Old Vienna seems to be feeling childlike

July 06, 2008|Antonia Malchik, Globe Correspondent

VIENNA - "You know you've lived in Vienna too long," an expat once told me, "when you start scowling at children having fun."

More than any other European capital, Vienna has always been a grown-up sort of place. Its attractions center around staid tradition and somber culture: music, coffeehouses, art. It was never a place that seemed to welcome kids.

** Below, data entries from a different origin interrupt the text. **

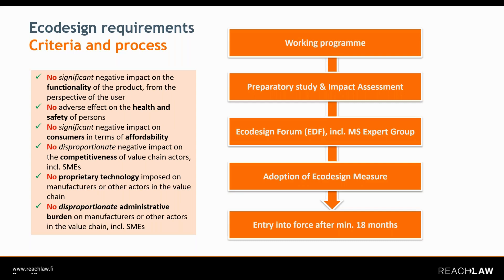For the process leading to ecodesign requirements, we have some generic steps. Everything starts with a work program where the Commission sets out which products they want to work on for the next three years. Then there are usually preparatory studies and impact assessments for the prioritized products. In the next step, these will be discussed in the so-called Ecodesign Forum, which includes various stakeholders including industry, NGOs, and so on.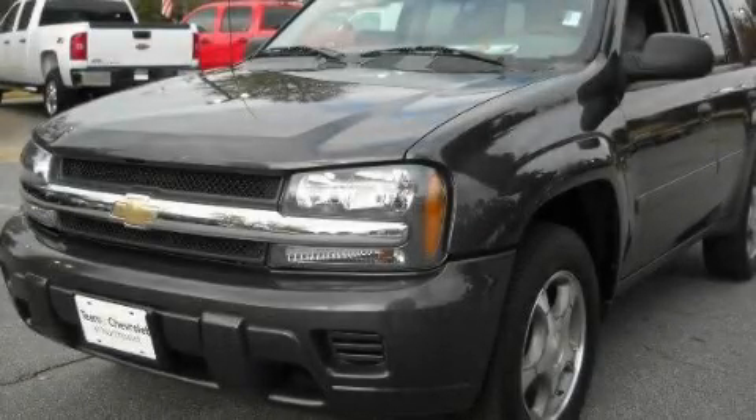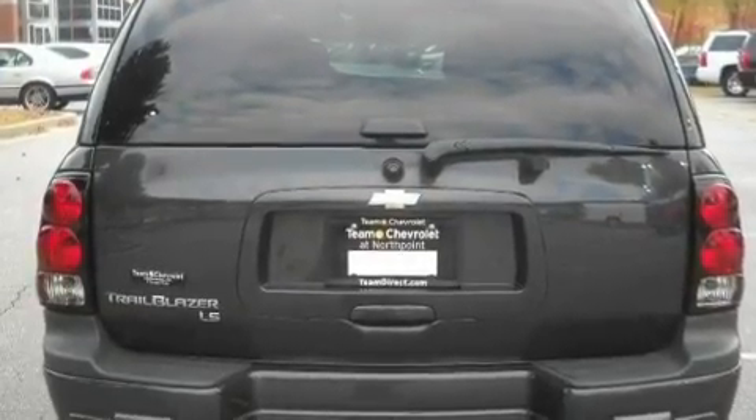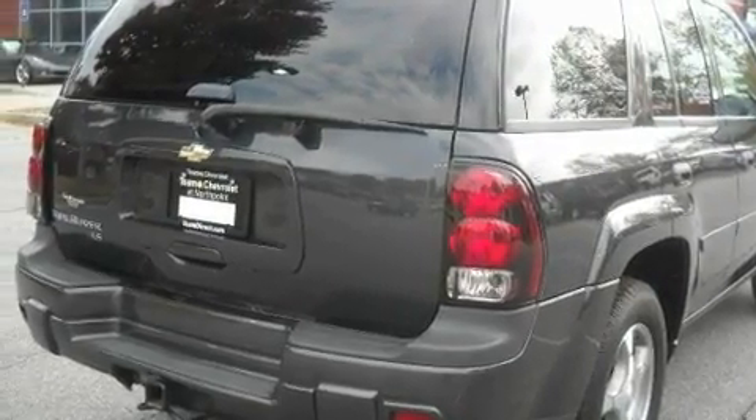This is a 2007 Chevrolet Trailblazer, for when safety, size, and space are of importance. It has a 4.2-liter, six-cylinder engine, a four-speed automatic transmission, and four-wheel drive.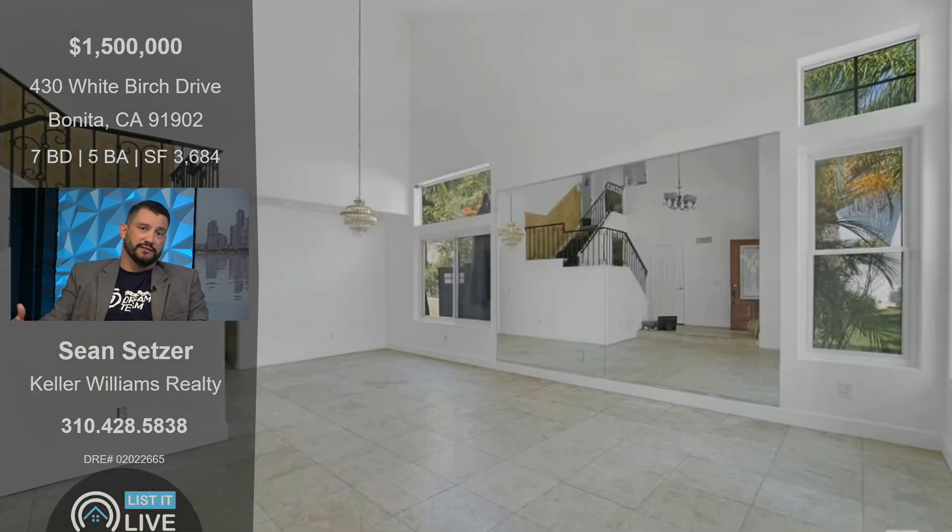With seven bedrooms, you could have a good situation for family and kids. There are nice schools and shopping around, so this home really has a lot to offer. It definitely has a lot of space and judging from the living area, it's nice and open — you can really do what you want with it.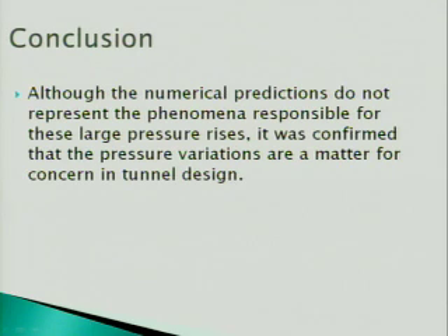What we determined — and what my professor is about to publish in a paper to tell the company — is that the Shaft program is not accounting for these pressure variations and is not an accurate enough model to be used for tunnel design.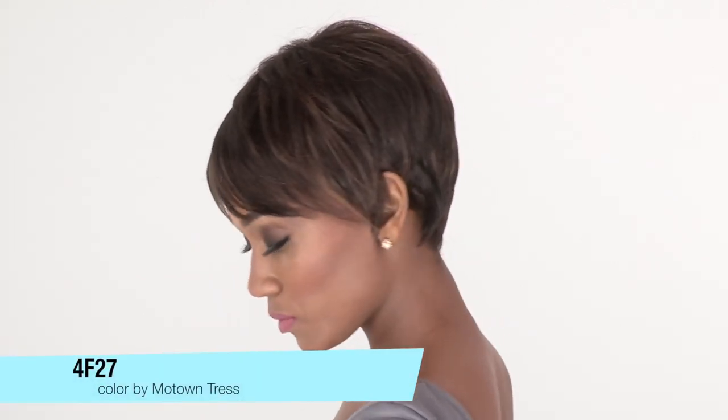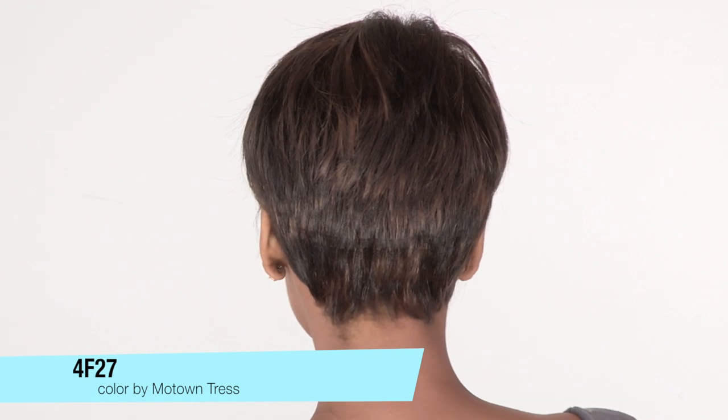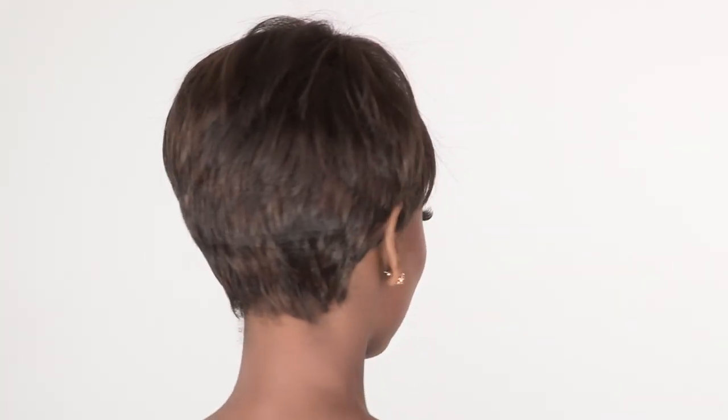The color here is 4F27, which is a dark brown with light auburn highlights. The layers at the crown are three inches and the neckline is one.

But the city of Kaisers and opera has done an about-face. The historic center is packed with strollers. One of the city's most popular attractions, Schönbrunn Palace, is visited more for the world-class zoo on its grounds than the rooms of antique furniture inside. At the insistence of Vienna's mothers, shiny glass elevators have been installed in most U-Bahn (subway) stations. And many of the numerous swim-baths, once populated largely by people over 40 counting their laps, now try to attract families, with paddling pools for babies and diving boards for kids.

The changes aren't all on the surface. While there is more for children to do in Vienna, the underlying attitude toward them also has shifted.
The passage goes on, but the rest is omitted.